CINEMA
LES DAMES DU BOIS DE BOULOGNE de Robert Bresson : vengeance d’une femme blessée
Hélène (Maria Casarès) est une bourgeoise au coeur brisé. Son compagnon la délaisse, l’amour s’estompe. Alors elle anticipe et provoque leur séparation. Mais alors qu’au fond elle s’attendait à ce que son amoureux la retienne, son égo prend un grand coup quand celui-ci la quitte sans le moindre effort. Blessée, victime d’un amour qui lui échappe, elle n’aura alors en tête plus qu’un mot : vengeance.
Ainsi, elle met en place un stratagème particulièrement cruel : elle va provoquer la rencontre de son ex Jean (Paul Bernard) avec une jeune femme en apparence respectable mais qui en fait est une danseuse (comprendre prostituée de luxe) afin de détruire sa réputation. Le piège ne met pas longtemps à fonctionner, Jean tombant fou amoureux de la jeune danseuse, prénommée Agnès (Elina Labourdette). Il fait d’ Hélène sa confidente, celle avec qui il partage ses nouvelles émotions et lui demande même de l’aider dans sa conquête.
Aussi désespérée que heurtée, cette femme déchue, tout de noir vêtue, va se plaire à cultiver le fantasme de l’élu de son coeur, celui d’une femme pure et respectable en apparence. De son côté, Agnès perd de plus en plus le contrôle, ne supportant plus de n’être qu’un jouet dans les mains expertes d’ Hélène mais aussi de sa propre mère prête à l’entrainer dans les situations les plus compromettantes pour bénéficier d’un agréable cadre de vie.
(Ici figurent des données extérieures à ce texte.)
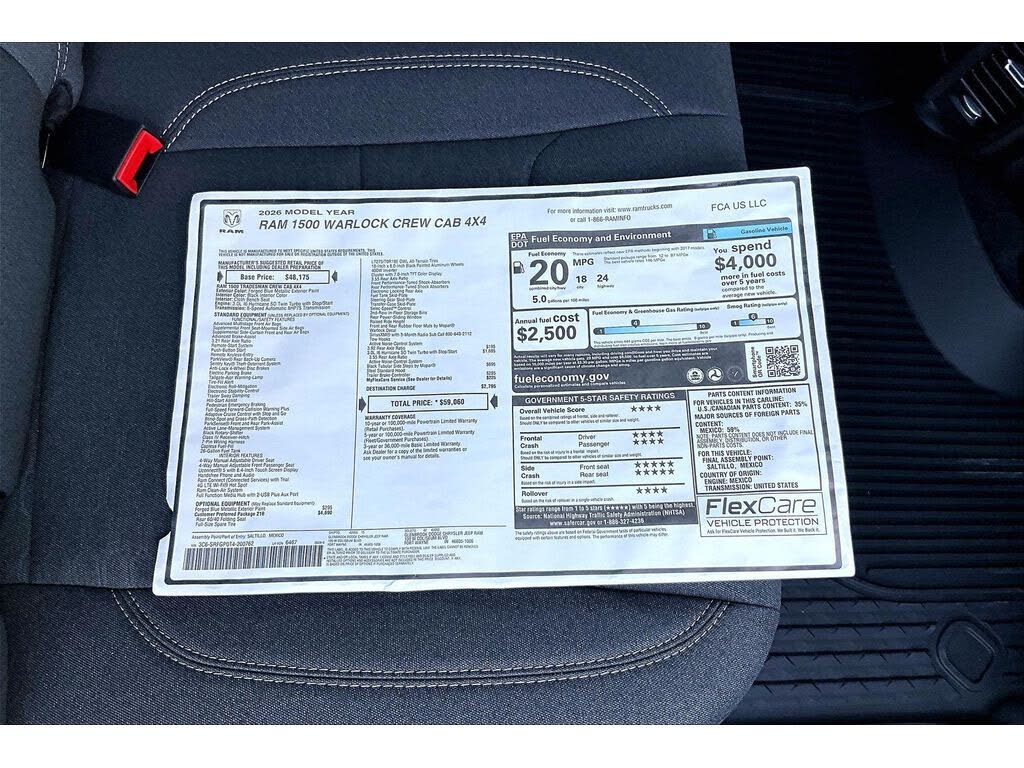 2026 Ram 1500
L’amour l’emportera-t-il ?
Les dames du Bois de Boulogne se sont Agnès et sa mère. Une ex danseuse au désir de rédemption et sa mère qui la pousse à nouveau vers le pêché en acceptant le marché d’ Hélène. Le film oppose deux figures : celle de la naïveté et de la pureté et celle de la corruption , de la vengeance. Le Bien et le Mal, en somme. Sauf qu’ici contrairement aux clichés la plus pure des deux femmes est la prostituée, celle qui est harcelée, à qui l’on remémore constamment son sombre passé.
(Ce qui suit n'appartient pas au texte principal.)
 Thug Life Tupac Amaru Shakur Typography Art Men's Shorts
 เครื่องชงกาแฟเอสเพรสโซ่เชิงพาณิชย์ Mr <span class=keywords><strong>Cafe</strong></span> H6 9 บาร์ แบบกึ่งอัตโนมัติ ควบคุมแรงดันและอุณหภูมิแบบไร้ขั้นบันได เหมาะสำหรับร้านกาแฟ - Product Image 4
Les personnages sont cloitrés dans leurs appartements des beaux quartiers et pensent tous beaucoup trop à leurs seuls intérêts. Hélène est blessée et compte obtenir réparation quitte à briser définitivement celui qu’elle aime et une victime innocente, Jean n’en a que faire des sentiments passés d’Hélène et drague sans aucune gêne Agnès, la mère de cette dernière ne parvient pas à choisir entre ce qu’il y a de mieux pour sa fille, sa santé et ce qu’il y a de mieux financièrement pour elle-même.
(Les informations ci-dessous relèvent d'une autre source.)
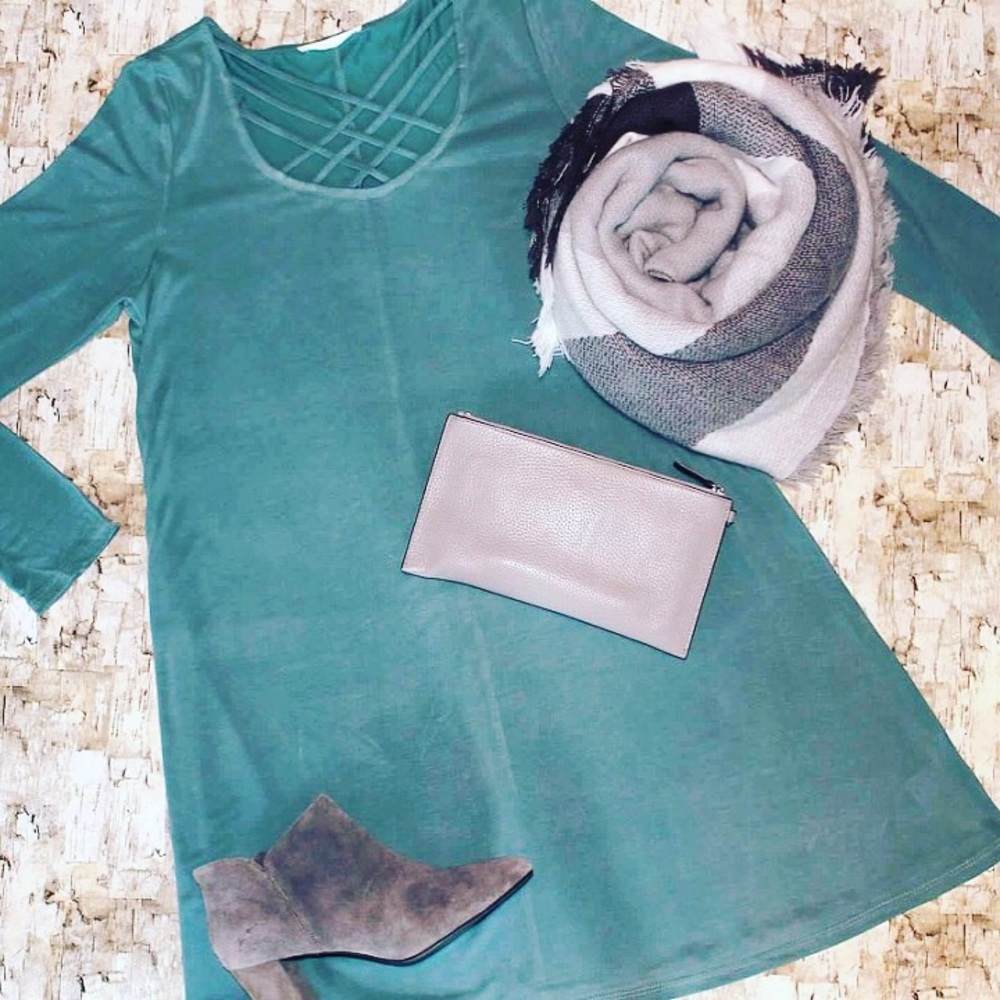 Entro Seagreen Dress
D’une intrigue basique, Robert Bresson fait un drame sentimental universel et intemporel, porté par la poésie et la lucidité des dialogues, écrits par Jean Cocteau à partir d’une histoire originale de Diderot. Une sorte de conte cruel, avec une inoubliable Maria Casarès dans le rôle glacial et irrésistible d’une amoureuse vengeresse.